# Source material:
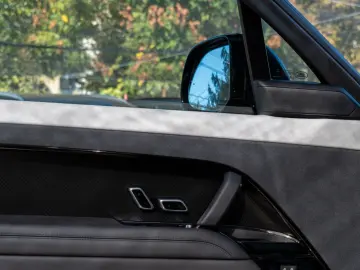 Range Rover Sport SV CARBON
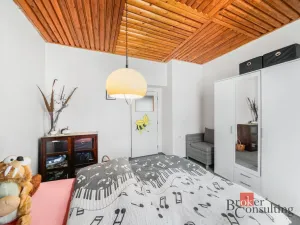 Prodej rodinného domu, Dolany, 198 m2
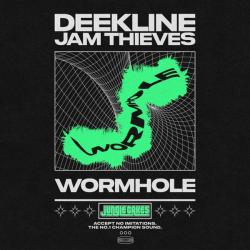 album Worm Hole of Deekline, Jam Thieves in flac quality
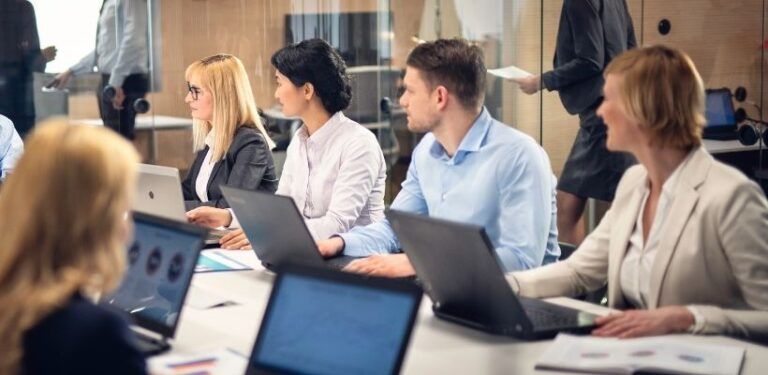 Dirección estratégica de negocio: el desarrollo inicial, clave para el éxito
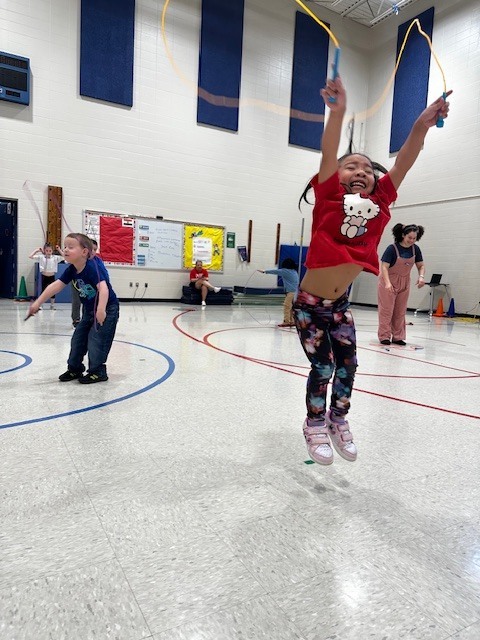 Kindergarten Unite Friday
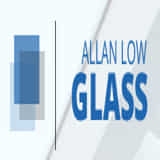 Local Business Allan Low Glass in New Plymouth Taranaki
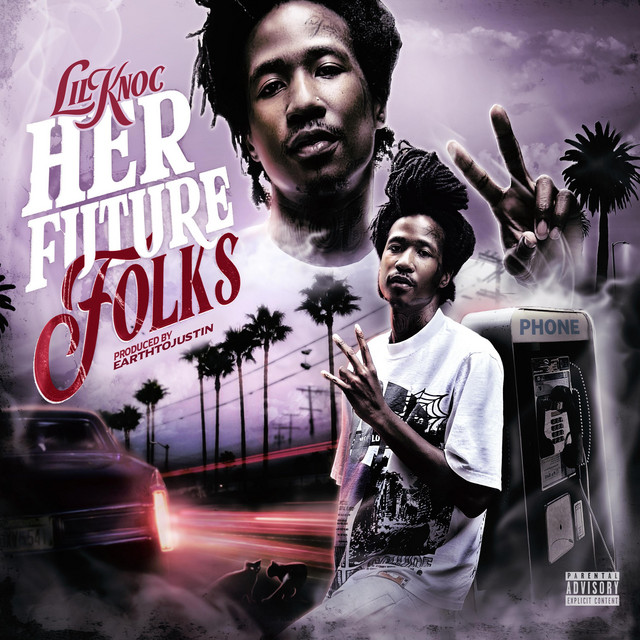 Eddie V's cover art
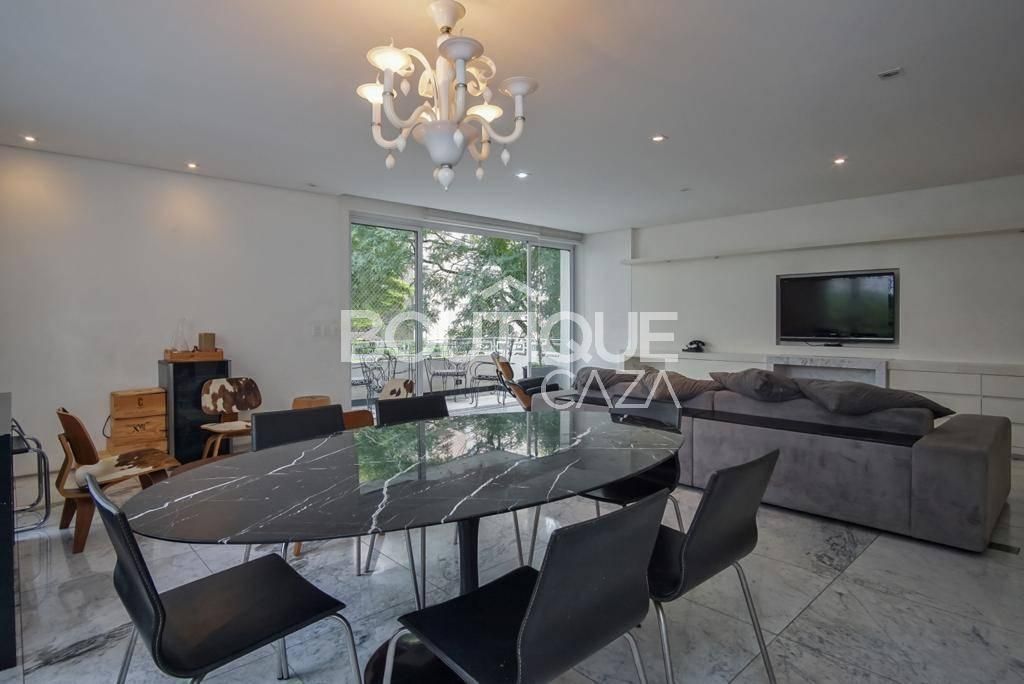 Apartamento com 3 suítes à venda em Jardim Paulista, São Paulo, por R$ 2.950.000 Imagem 5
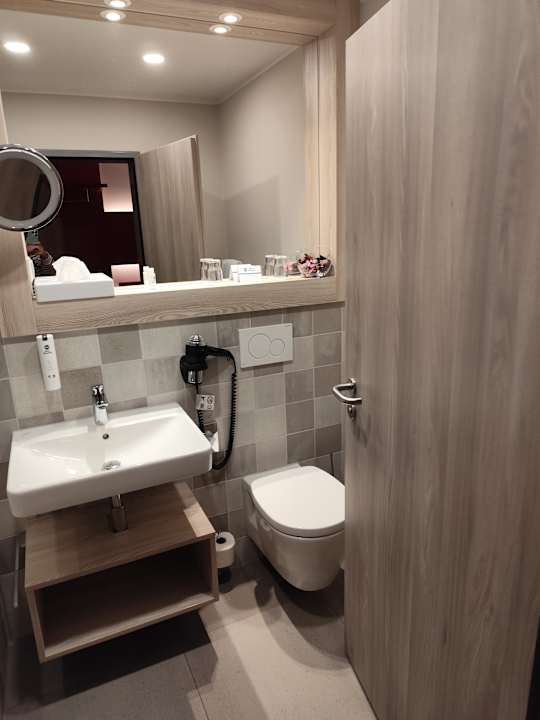 Zimmer Best Western Hotel Erfurt-Apfelstädt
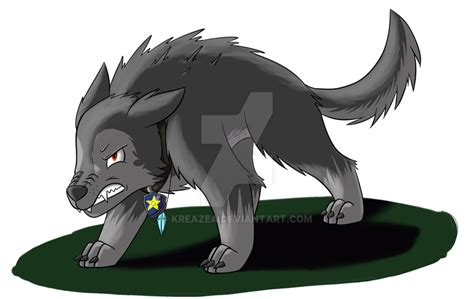 Image - Com werewolf chase by kreazea-dbrfpqj (1).png | PAW Patrol ...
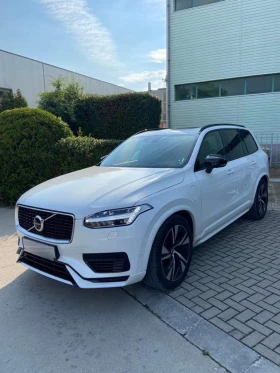 Volvo Xc90 T8 Plug in Hybrid 6+ 1 - 38342 € / 74990.43 лв. - 90026858 3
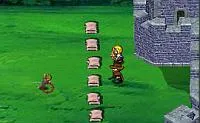 Elona Shooter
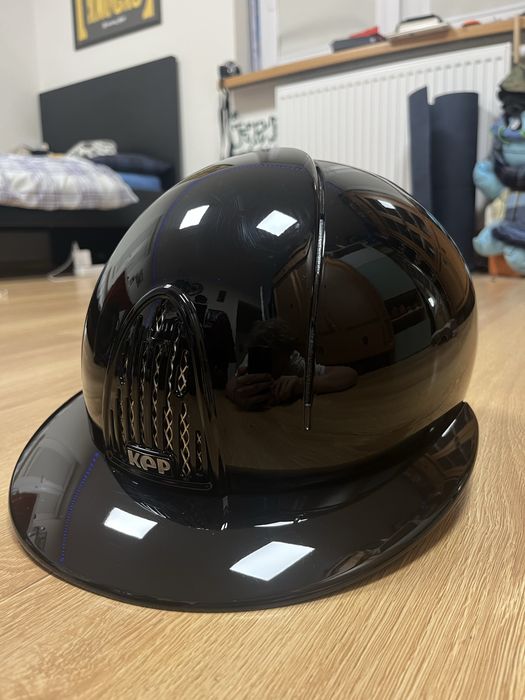 Kask jezdziecki KEP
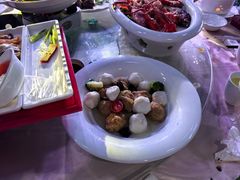 -王府井酒店(金桥港湾店)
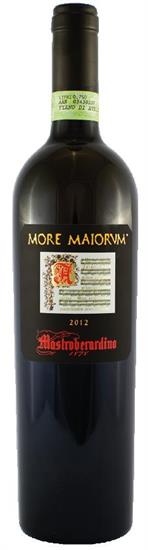 MASTROBERARDINO MORE MAIORUM FIANO CL.75 DOCG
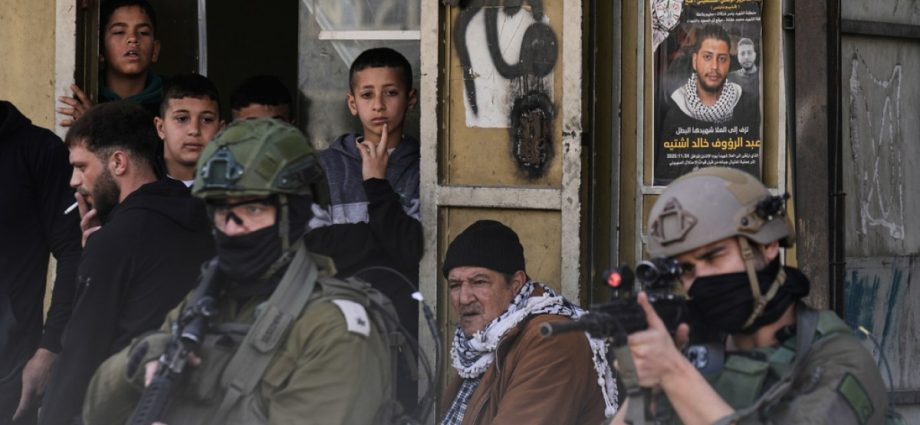 palestine-urges-‘powerful-partners’-to-stop-israel’s-west-bank-‘annexation’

# What to produce:
The lines wanted run from the first one in the material above through the line containing "Kindergarten Unite Friday"; give them again exactly, leaving out the pictures.

# Reply:
 Range Rover Sport SV CARBON
 Prodej rodinného domu, Dolany, 198 m2
 album Worm Hole of Deekline, Jam Thieves in flac quality
 Dirección estratégica de negocio: el desarrollo inicial, clave para el éxito
 Kindergarten Unite Friday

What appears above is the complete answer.